Ontario MPP
- In office 1905–1919
- Preceded by: Walter Beatty
- Succeeded by: Andrew Wellington Gray
- Constituency: Leeds

Personal details
- Born: May 3, 1846 Crosby Township, Leeds County, Canada West
- Died: January 28, 1930 (aged 83)
- Party: Conservative
- Spouse: Mary Jane Hopkins ​(m. 1870)​
- Occupation: Farmer

= John Robertson Dargavel =

Canadian politician

John Robertson Dargavel (May 3, 1846 - January 28, 1930) was an Ontario farmer, merchant and political figure. He represented Leeds in the Legislative Assembly of Ontario from 1905 to 1919 as a Conservative member.

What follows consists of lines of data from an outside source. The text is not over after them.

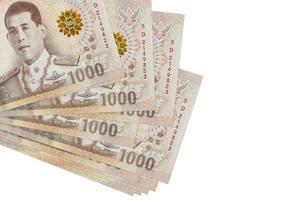 1000 thailändische baht-scheine liegen in kleinen bündeln oder packungen isoliert auf weiß. modell mit kopierraum. Geschäft und Geldwechsel foto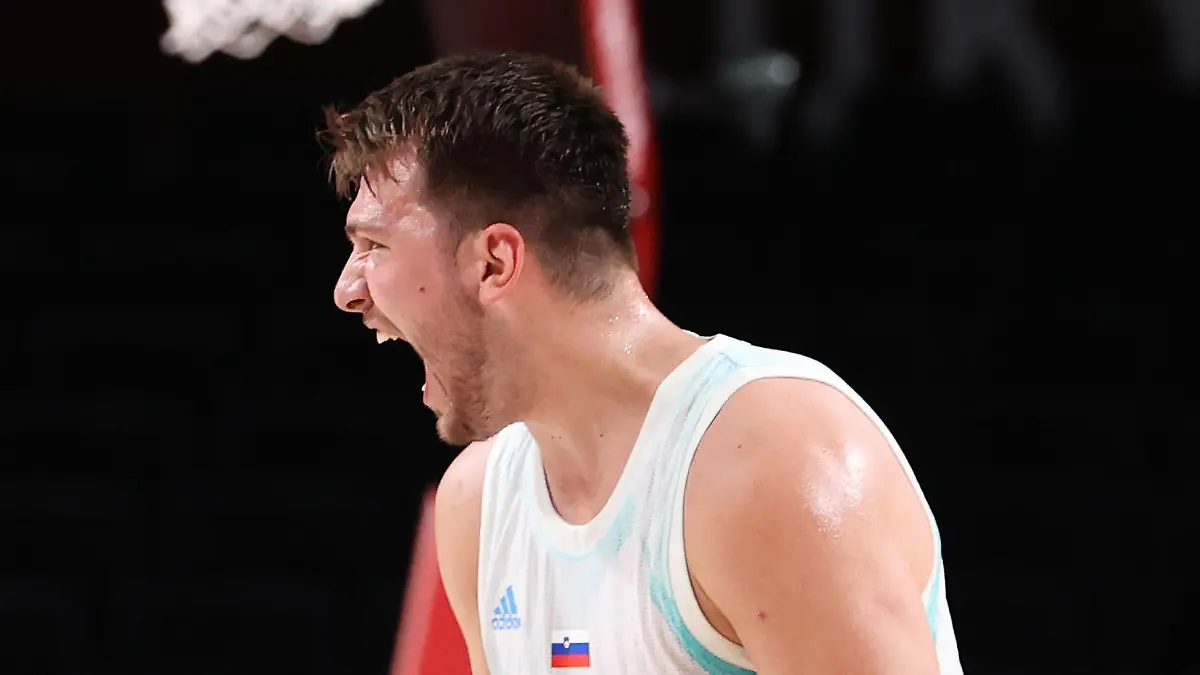 SAITAMA, JAPAN - AUGUST 03: Luka Doncic #77 of Team Slovenia reacts against Team Germany during the first half of a Men's Basketball Quarterfinal game on day eleven of the Tokyo 2020 Olympic Games at Saitama Super Arena on August 03, 2021 in Saitama, Japan. (Photo by Gregory Shamus/Getty Images)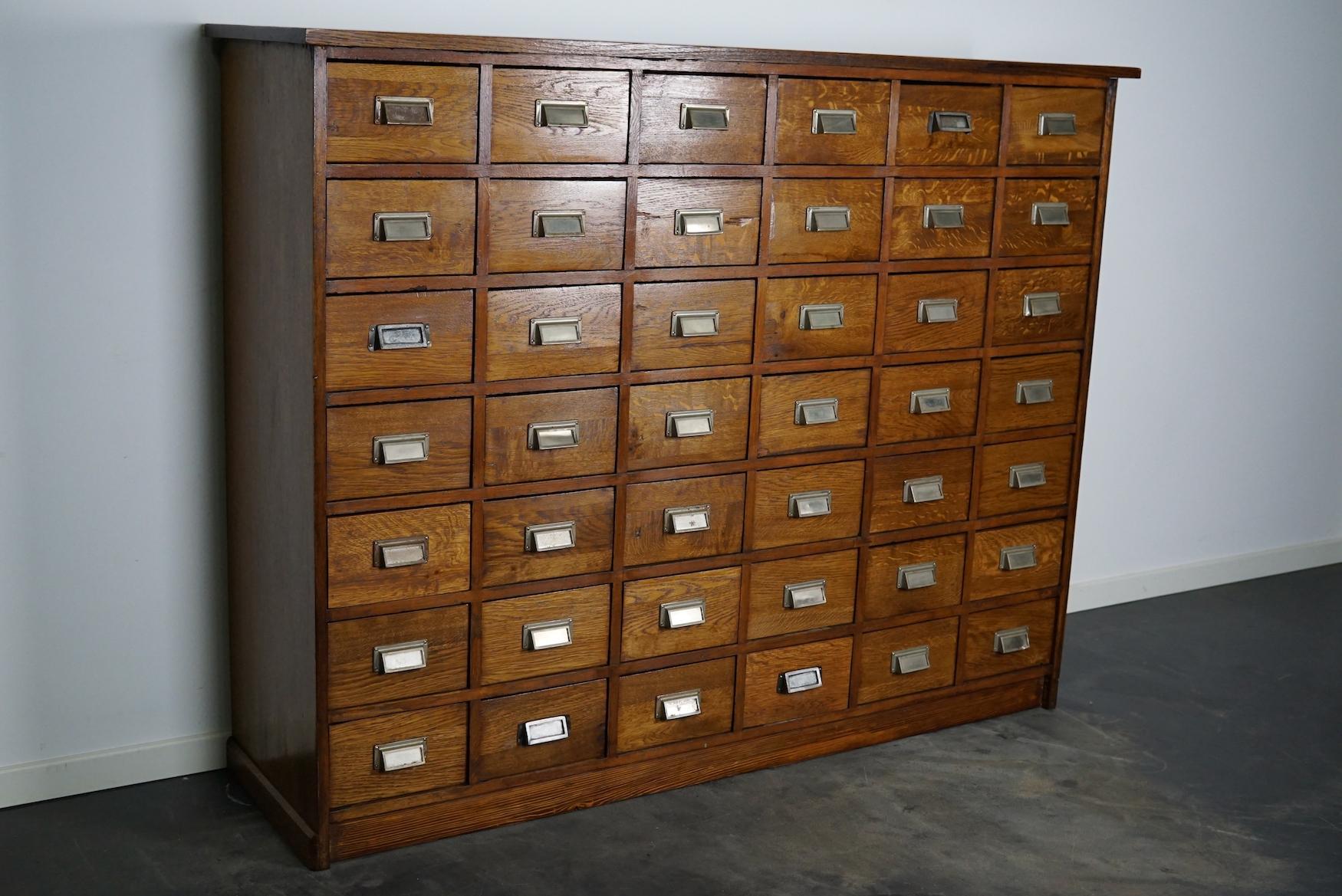 This apothecary cabinet was made circa 1950s in Germany. It features 42 decent sized drawers with metal handles. The interior dimensions of the drawers are: D W H 38 x 21 x 13 cm.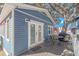 Blue cottage features a deck with outdoor furniture and a grill at 6001-1157 S Kings Hwy., Myrtle Beach, SC 29575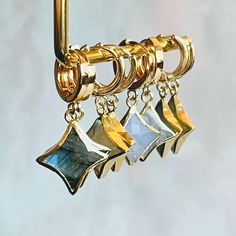 three pairs of earrings hanging from a hook on a wall with gold and silver accents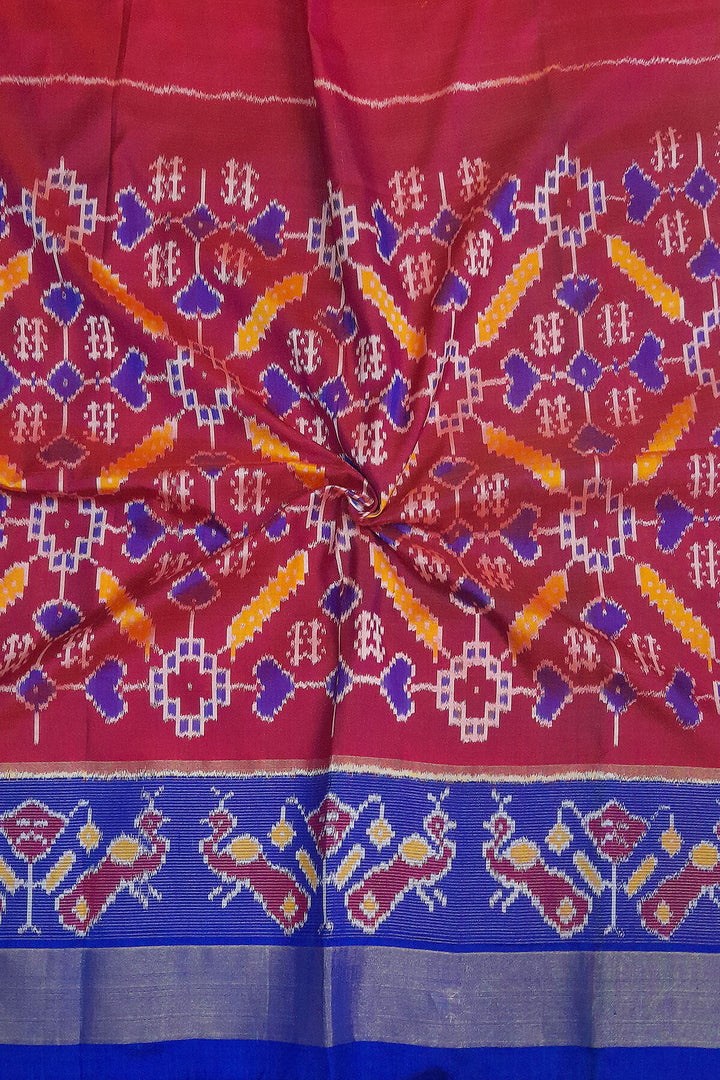 Handwoven Ikat pure silk unstitched lehenga material in  magenta in pan bhat pattern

He was born in Crosby Township, Leeds County, Canada West, the son of Robert Dargavel, whose suggestion it was in 1827 to name the town of Elgin in honour of Lord Elgin, the one time Governor General. In 1870, John Robertson married Mary Jane Hopkins. Prior to his service as an MPP, he served as clerk for South Crosby Township and as a member of the Elgin School Board. Dargravel was a dairy farmer and was president of the Eastern Ontario Dairymen's Association. He owned a large general store in Elgin.

John Robertson's son was James Sawtell Dargavel, who took over the business when his father took office as MPP. James Sawtell expanded the business to include the cheese mill at Chaffey's Lock.